Mike Perry's extraordinary and thoughtful account of meeting the people of his small hometown by joining the fire and rescue team was a breakout hit that "swells with unadorned heroism" (USA Today)

Welcome to New Auburn, Wisconsin (population: 485) where the local vigilante is a farmer's wife armed with a pistol and a Bible, the most senior member of the volunteer fire department is a cross-eyed butcher with one kidney and two ex-wives (both of whom work at the only gas station in town), and the back roads are haunted by the ghosts of children and farmers. Michael Perry loves this place. He grew up here, and now-after a decade away-he has returned.

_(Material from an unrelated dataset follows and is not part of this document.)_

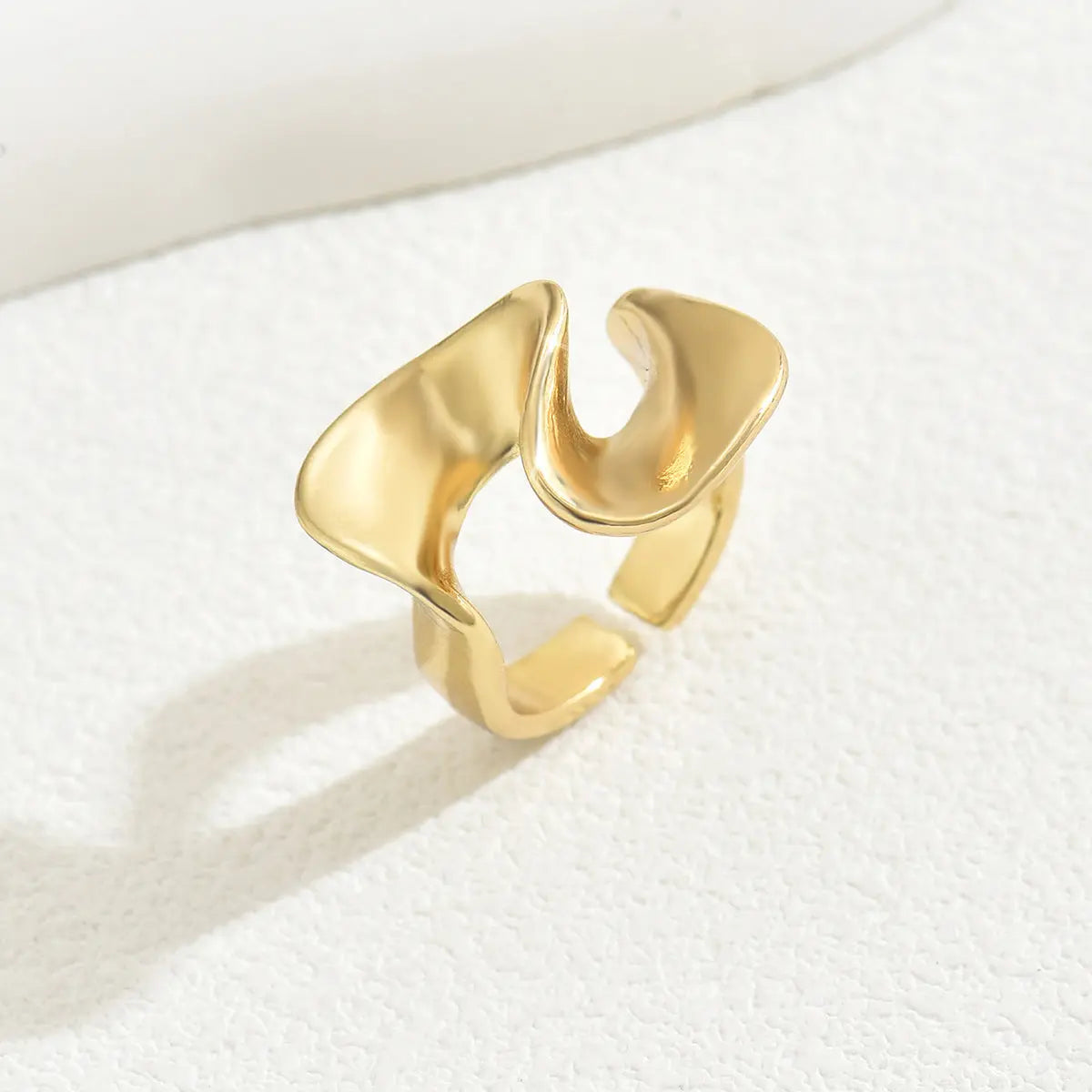 Index Finger Electroplating Adjustable All-Match Ring - Norellé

Unable to polka or repair his own pickup, his farm-boy hands gone soft after years of writing, Mike figures the best way to regain his credibility is to join the volunteer fire department. Against a backdrop of fires and tangled wrecks, bar fights and smelt feeds, he tells a frequently comic tale leavened with moments of heartbreaking delicacy and searing tragedy.

Tracing his calls on a map in the little firehouse, he sees "a dense, benevolent web, spun one frantic zigzag at a time" from which the story of a tiny town emerges.


Author Notes

Michael Perry is a writer and a humorist. He has written three best selling memoirs and his work has appeared in Esquire, The New York Times Magazine, Backpacker, Outside, and Salon.com.

Perry was born in rural Wisconsin. He has spent many years as a volunteer firefighter. The majority of his writing discusses his farming background and life lessons. He was educated at the University of Wisconsin-Eau Claire.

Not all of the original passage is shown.